— Aim of the exercise —
Would you please copy only the lines from the line that contains "We will cover" to the end of the data below, exactly, leaving every picture out?
------------------------------------------------
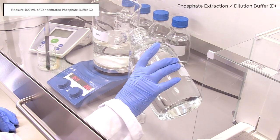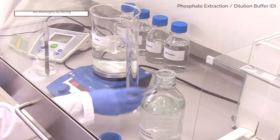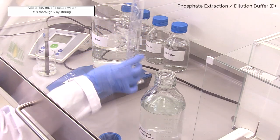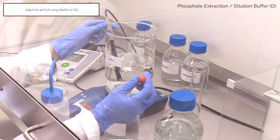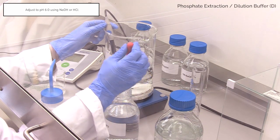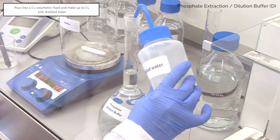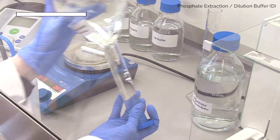Add 100 millilitres of concentrated phosphate buffer to 850 millilitres of distilled water in a stirring beaker. Check pH and adjust if required using 1 molar NaOH or 1 molar HCl to pH 6. Pour into a 1 litre volumetric flask and make up to 1 litre with distilled water. Invert to dissolve.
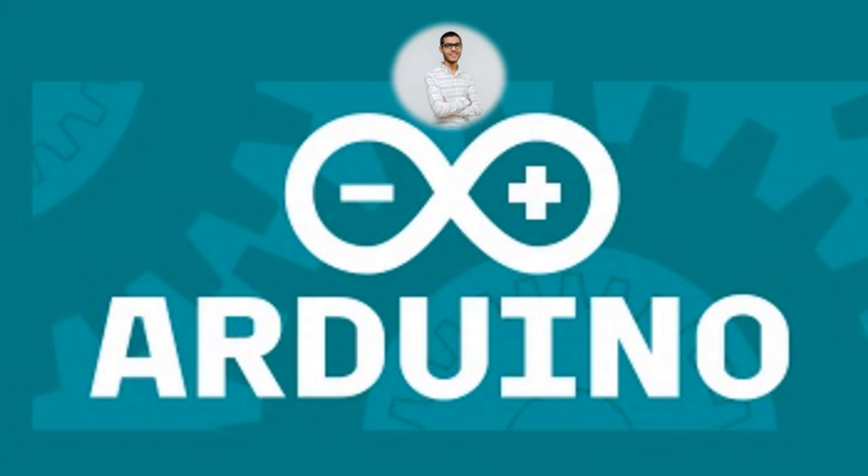We will cover all of this in the first section and we will answer the most common questions about Arduino, about Arduino sensors, and how to use them.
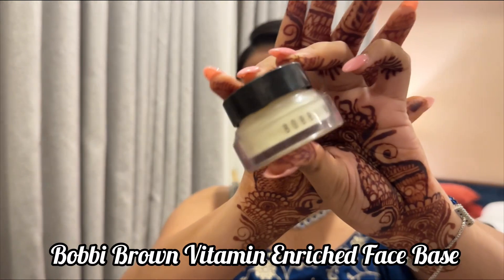Let's get started with the makeup look. Look at the jewellery — I really like the jewellery that I paired it up with. Matching jewellery, very elegant and delicate. Let's begin.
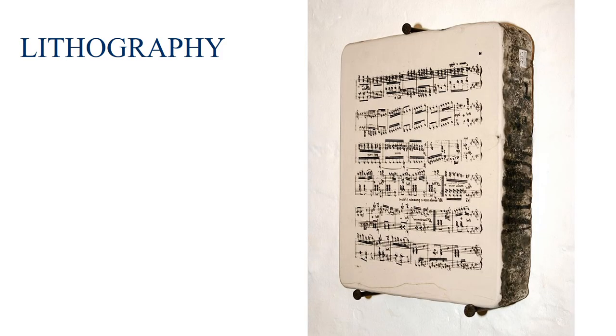Beginning in the 19th century, music publishers began to use lithography, which is a form of engraving originally on stone and then later on types of metal sheets. Lithography made printing much, much cheaper and resulted in a widespread market for sheet music in the 19th and early 20th centuries.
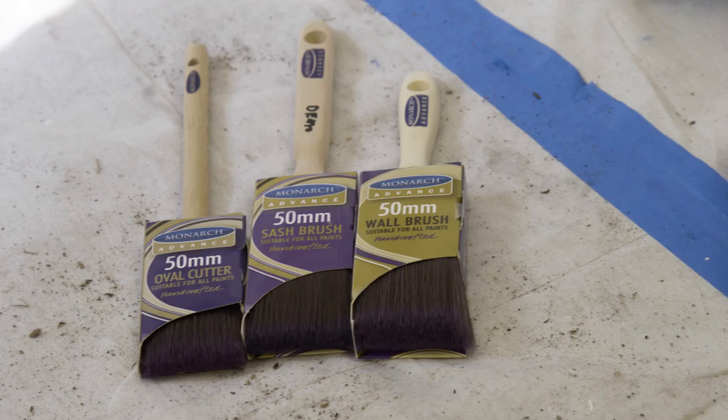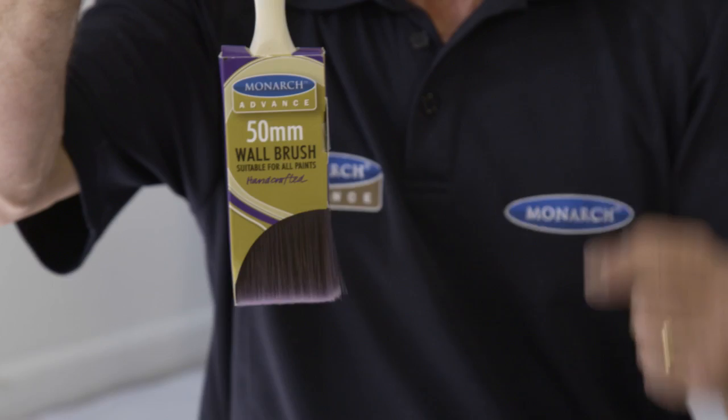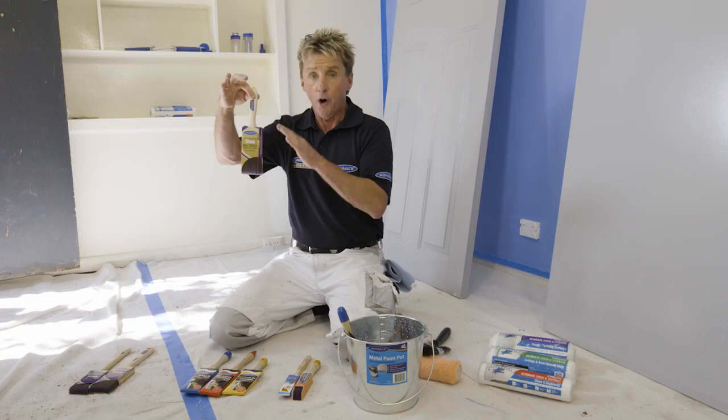Now there's a whole variety of paintbrushes for you to use. Let's make it simple. Firstly, there's a professional series paintbrush — beautiful filament, nice and thick, holds a lot of paint, and you can use them over and over.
------------------------------------------------
— Task output —
We will cover all of this in the first section and we will answer the most common questions about Arduino, about Arduino sensors, and how to use them.
Let's get started with the makeup look. Look at the jewellery — I really like the jewellery that I paired it up with. Matching jewellery, very elegant and delicate. Let's begin.
Beginning in the 19th century, music publishers began to use lithography, which is a form of engraving originally on stone and then later on types of metal sheets. Lithography made printing much, much cheaper and resulted in a widespread market for sheet music in the 19th and early 20th centuries.
Now there's a whole variety of paintbrushes for you to use. Let's make it simple. Firstly, there's a professional series paintbrush — beautiful filament, nice and thick, holds a lot of paint, and you can use them over and over.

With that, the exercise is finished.